Лежа лицом к стене, я притворялся спящим: редкое бессвязное бормотание… два или три пробных всхрапа… небольшая доза непроизвольных подергиваний. Но простыни позади меня не прекращали шелестеть. Внезапно я почувствовал руку, проскользнувшую по нижней части моей спины. В считанные секунды — отслеженная моими лобковыми волосами, чувствительными, как кошачьи усы, — она уже зависла у меня над пахом. И из моего паха донеслось: «Я готов».

Во время затянувшейся прелюдии я взглянул вниз, чтобы увидеть Глорию, практикующуюся в извращении под названием фелляция. Непостижимо для меня, она делала это со всей возможной серьезностью и великим энтузиазмом, двигая головой так, что ее длинные густые волосы соскальзывали и вновь набегали на мои бедра, живот и ноги. С виду это было ужасно трогательно, но все, что я мог почувствовать, это совершенно неуместное оцепенение да еще судороги в одной ноге и покалывание в другой. «Может, я уже кончил?» — спрашивал я себя.

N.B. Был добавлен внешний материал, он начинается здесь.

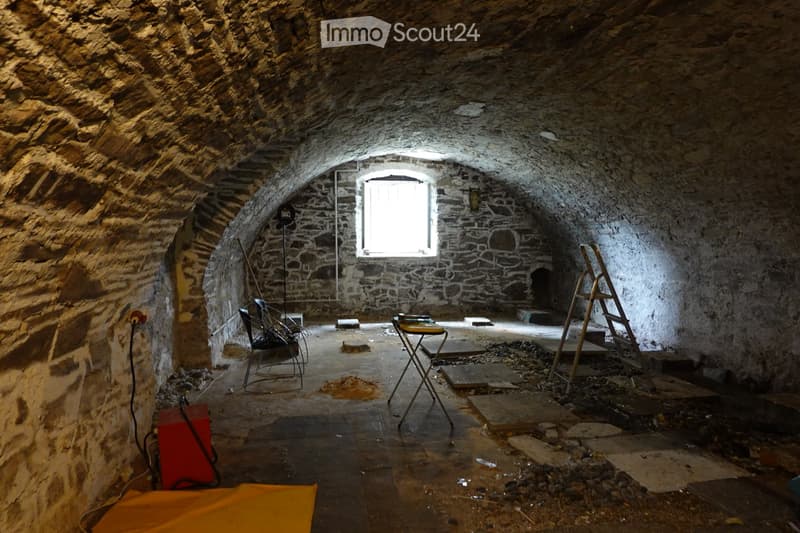 An unfinished room with stone walls and arched ceilings, featuring a single chair, a small table, and a ladder, with exposed construction materials and a window letting in natural light.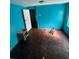 This spacious bedroom features bright blue walls and original hardwood floors, with room for customization at 815 30Th W Dr, Bradenton, FL 34205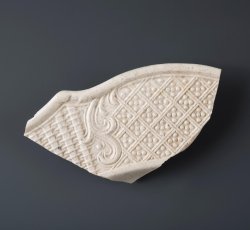White salt glaze stoneware dot, diaper, and basket molded dish.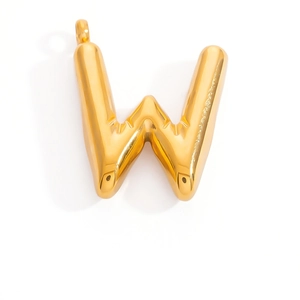 Close-up of polished 3D balloon style letter W pendant in shiny gold plated finish
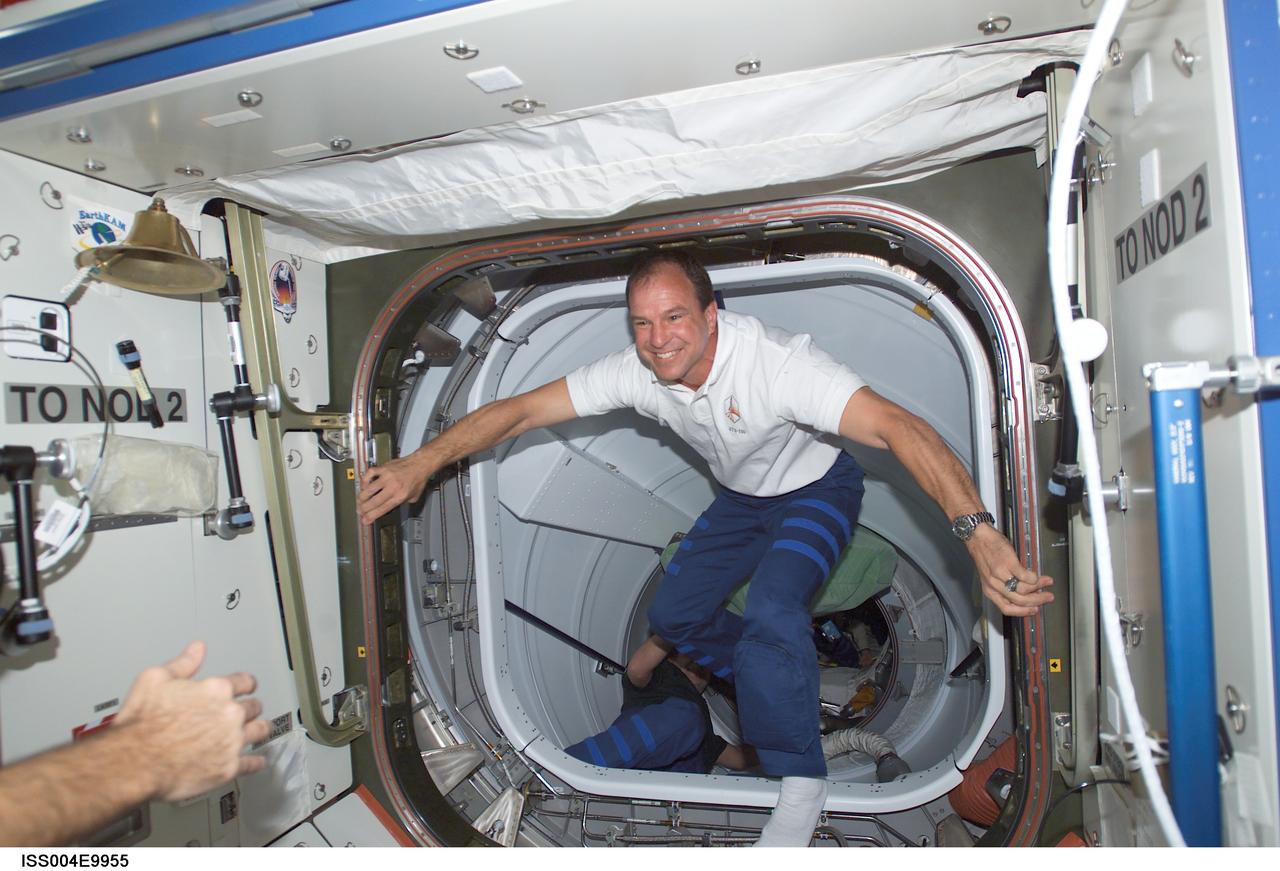 ISS004-E-9955 (10 April 2002) --- Astronaut Michael J. Bloomfield, STS-110 mission commander, steps into the Destiny laboratory on the International Space Station (ISS) through the Pressurized Mating Adapter 2 (PMA-2) upon docking of the Space Shuttle Atlantis and the station.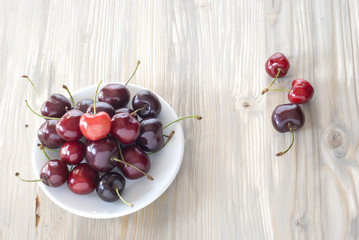 cherries on the plate, aged wood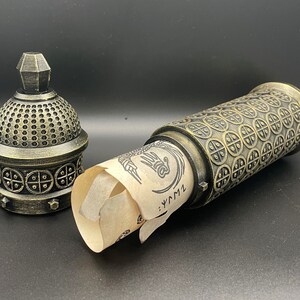 May include: A gold-colored metal container with a scroll inside. The container has a decorative design of circles and squares. The scroll is unfurled and has a hand-drawn design on it. The text on the scroll reads "...LYM1".
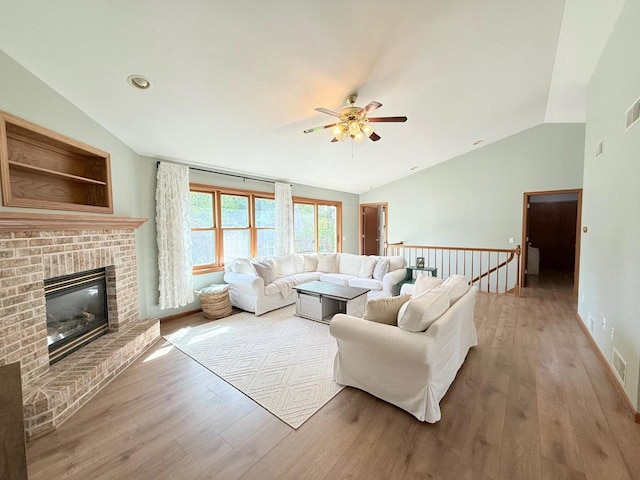 407 Overlook Ter, Marshall, WI 53559 - living area with lofted ceiling, a ceiling fan, wood finished floors, and a fireplace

Глория так не думала. Внезапно она вскочила, изрекла: «Я делаю это только ребятам, которые мне нравятся», чмокнула меня в губы, и я вдруг оказался на ней.

Помню, в какой-то момент я оторвался от обоев, которые внимательно разглядывал, чтобы посмотреть на ее лицо (исключительно для своих записок): оно впечатляло своей первобытной дикостью. Соответственно, ее оргазм сопровождался скрипом зубов и испуганным повизгиванием, а она сама содрогалась, как от ударов хлыста. Мой оргазм сопровождался болью в спине, хриплой одышкой и полной опустошенностью. Когда я вытащу, вдруг подумалось мне, то наверняка залью кровью всю комнату Дженни.

Глория расслабилась, скачки для нее на сегодня закончились. Вскоре она свернулась калачиком и уснула. А я глядел в потолок, затаив дыхание, и завидовал.

Без четверти восемь: «Коста Брава»

В среднем я исписываю по семь дневников за год; не важно, насколько велики страницы и насколько я стараюсь быть строгим и лаконичным, но у меня каждый день находится о чем написать. Ранние записи переполнены юношеским максимализмом, и это сбивает с толку. Но вот я смотрю на плотно исписанные столбцы и улыбаюсь, дорогой Чарльз, вспоминая твои прошедшие каникулы.



— Понятно. Значит, вас уже приняли.

— В Суссекс — да, но не в Оксфорд.

— Понятно. Тогда вы, наверное, захотите сдавать экзамен на стипендию в… ноябре?

— Да (тупая сука, клитор безмозглый), — сказал я. — И мне будет нужно «Пользование английской и общей литературой». — Она что, сама не знает? — И латынь.

Глядя через стол на свою будущую директрису, я изобразил улыбку. Смотреть на нее было крайне неприятно: около тридцати пяти, брови огромные, как кок стиляги, зубы торчат из десен под прямыми углами.

— Понятно. Значит, вы пройдете у нас подготовку по трем предметам, и это?..

Я повторил еще раз.

— И вступительный в Оксфорд, — прибавил я таким тоном, словно это и вовсе не относилось к делу, но могло представлять интерес само по себе.

Вновь уставившись в мое дело, она стала читать, будто произносила заклинание:

— Английский — отлично, биология — отлично, логика — отлично. — Она тряхнула подбородками. — Любопытный выбор… но, полагаю, с учебой у вас особых проблем не будет. Э-э-э… — она вскинула голову, изображая законное опасение, — вы ведь чуть-чуть старше, чем надо, чтобы поступать в Кембридж?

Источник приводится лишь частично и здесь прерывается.